## Task to complete
From the line containing "Платье SARTORI DODICI" through the last line of the entries below, print each line exactly. Pictures stay out.

Records from a data source:
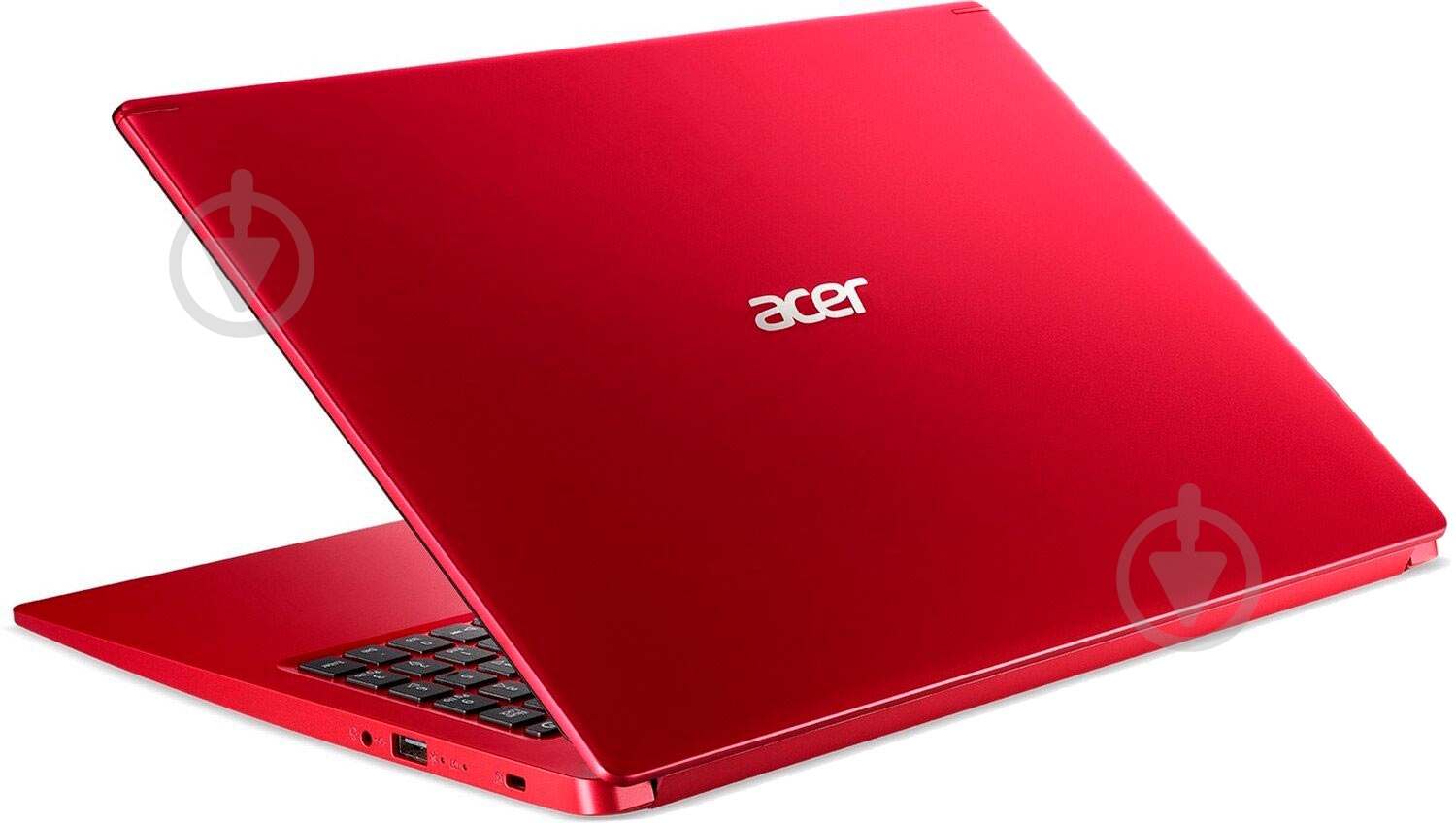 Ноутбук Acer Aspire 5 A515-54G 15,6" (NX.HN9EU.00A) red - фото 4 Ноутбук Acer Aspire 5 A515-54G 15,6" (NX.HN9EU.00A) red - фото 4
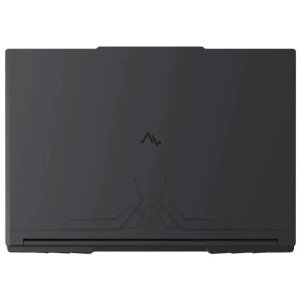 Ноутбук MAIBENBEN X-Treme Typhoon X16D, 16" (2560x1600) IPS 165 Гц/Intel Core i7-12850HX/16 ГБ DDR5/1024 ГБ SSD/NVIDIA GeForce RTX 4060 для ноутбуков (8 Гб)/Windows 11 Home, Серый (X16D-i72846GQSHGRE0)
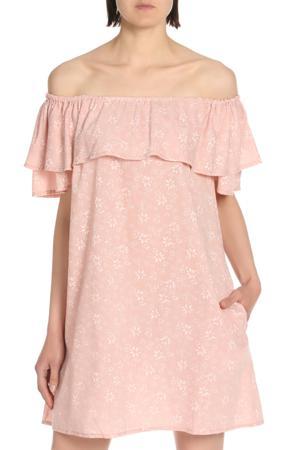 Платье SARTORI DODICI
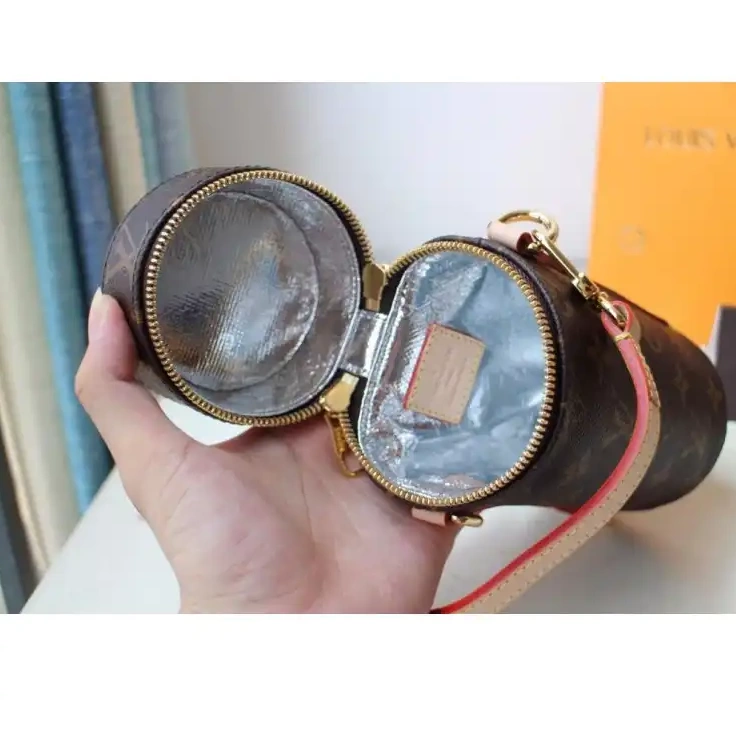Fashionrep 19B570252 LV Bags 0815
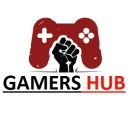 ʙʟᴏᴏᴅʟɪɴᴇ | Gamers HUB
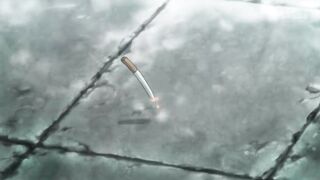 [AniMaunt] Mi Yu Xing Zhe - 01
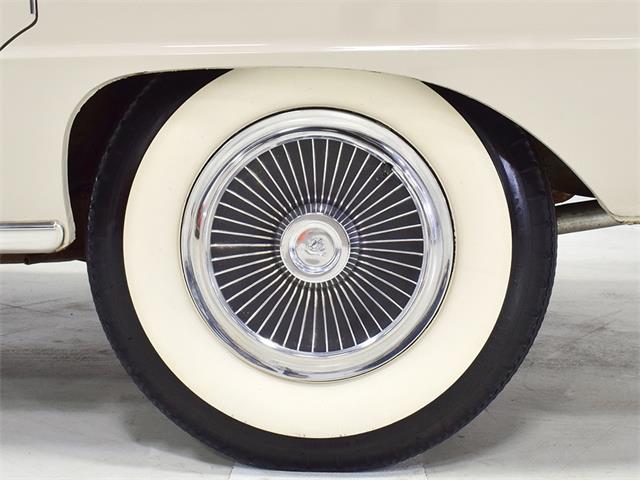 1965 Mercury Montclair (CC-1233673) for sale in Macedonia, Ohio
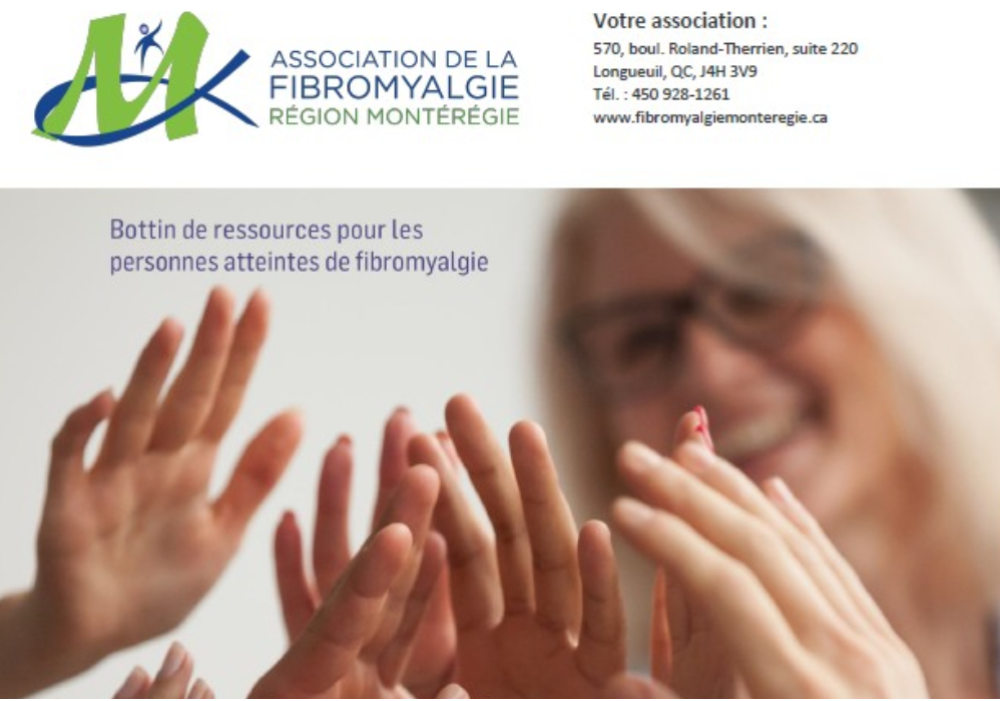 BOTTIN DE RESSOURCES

## Task solution
 Платье SARTORI DODICI
Fashionrep 19B570252 LV Bags 0815
 ʙʟᴏᴏᴅʟɪɴᴇ | Gamers HUB
 [AniMaunt] Mi Yu Xing Zhe - 01
 1965 Mercury Montclair (CC-1233673) for sale in Macedonia, Ohio
 BOTTIN DE RESSOURCES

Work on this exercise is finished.